Недавно мы провели небольшой опрос о том, как граждане воспринимают роль разных институтов, в том числе НПО, в защите детей от насилия. Хотя в последнее время доверие к НПО немного выросло, тем не менее очень многие просто не знают, чем они занимаются. И, конечно, нам это немного обидно, потому что мы считаем, что очень большую часть работы в этой сфере делают именно НПО. Но не лучше ситуация и с государственными структурами. По опросу виден не слишком оптимистичный взгляд населения на работу госинститутов.

С чем это связано?

Люди не доверяют им. И поэтому об очень многих случаях насилия над детьми не сообщают в официальные инстанции. И, хотя большинство уверено, что о таком  всегда надо сообщать, эти же люди считают, что в органы опеки или в полицию «не попадает» более половины случаев. Это происходит по разным причинам, в том числе, из-за страха перед агрессором. Но одна из основных причин — недоверие к госструктурам. Более того, в ходе опроса выяснилось, что многие даже не знают, какие учреждения занимаются защитой ребенка от насилия, а некоторые просто боятся туда сообщать. Не «не доверяют», а именно боятся.

Могу только предположить, почему. Думаю, многие не хотят, чтобы система вторично виктимизировала детей. К сожалению, когда расследуется какой-то инцидент, наша система еще недостаточно дружественная по отношению к ребенку. Каждый специалист считает, что он должен обязательно его допросить, задать тысячу вопросов. И ребенок в итоге, повторяя историю десяток раз, а иногда отвечая на неэтичные вопросы, бывает, больше страдает от этих так называемых «исследований», чем от самого инцидента.

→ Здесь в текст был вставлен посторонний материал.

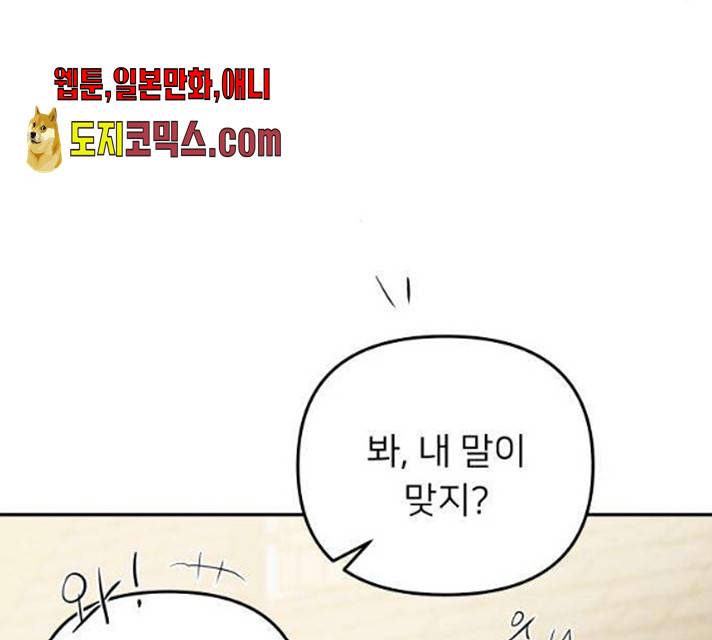 아가사 20화 26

Еще одна немаловажная деталь — коррупция. Опять же, нет веры в то, что вынесут справедливое решение. Это показывают и многие другие сходные исследования.

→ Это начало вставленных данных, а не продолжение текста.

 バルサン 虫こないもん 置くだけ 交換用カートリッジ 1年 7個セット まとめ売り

А если взять идеальную ситуацию, без коррупции: дает ли наше законодательство органам опеки достаточно инструментов для выполнения своей работы? Недавно благодаря социальным сетям стало известно об одном случае: отец утверждал, что мальчика избили, а органы опеки ничего не сделали для его защиты, хотя  об опасности для ребенка им сообщали еще до инцидента. Хватает ли им полномочий для разрешения подобных ситуаций?

По-моему, полномочий хватает. Законодательство в этой сфере развито достаточно хорошо. С 2014 года действует закон «Об особой защите детей, находящихся в ситуации риска, и детей, разлученных с родителями». Тогда же правительство утвердило межведомственный механизм, направленный на выявление случаев насилия и защиту от него детей. Благодаря этому многие процедуры были очень внятно прописаны, и стало вполне ясно, что должна делать каждая структура, ответственная за защиту детей. Там очень детально описаны и обязанности органов опеки.

Теоретически, если бы все предписания соблюдались, у нас была бы идеальная ситуация. Проблема в другом: в их реализации на практике. И тут есть несколько причин. Во-первых, неподготовленность кадров. Нужны тренинги, дополнительное обучение, поддержка и коучинг. Другая проблема в том, что у нас не развиты услуги для семей и детей.

Что вы имеете в виду?

Социальные услуги. Например, было установлено, что ребенок или семья находятся в ситуации риска, хотя там еще нет насилия. Для его предупреждения этой семье нужна помощь. У нас почему-то все думают, что органы опеки и попечительства только деньги дают. На самом деле основная их задача — помочь семье решить существующие в ней психологические проблемы. Для этого есть соцработники и психологи. Хотя сейчас органы опеки и попечительства чаще всего только «грозят пальчиком», пугают, что заберут ребенка или как-то иначе накажут родителей. Намного реже семья получает психологическую помощь.

В Кишиневе еще все не так плохо — есть, например, управление по защите детей, есть специалисты. А в сельской местности все гораздо сложнее, ведь нужных специалистов там просто нет. И как быть, когда речь идет о тяжелых случаях насилия и действовать нужно незамедлительно: органы опеки и попечительства, полиция, медики, учителя должны максимум за 24 часа обеспечить безопасность ребенка — или удалить агрессора из семьи, или изолировать от него ребенка, желательно в приемную семью, которых в районах часто просто нет.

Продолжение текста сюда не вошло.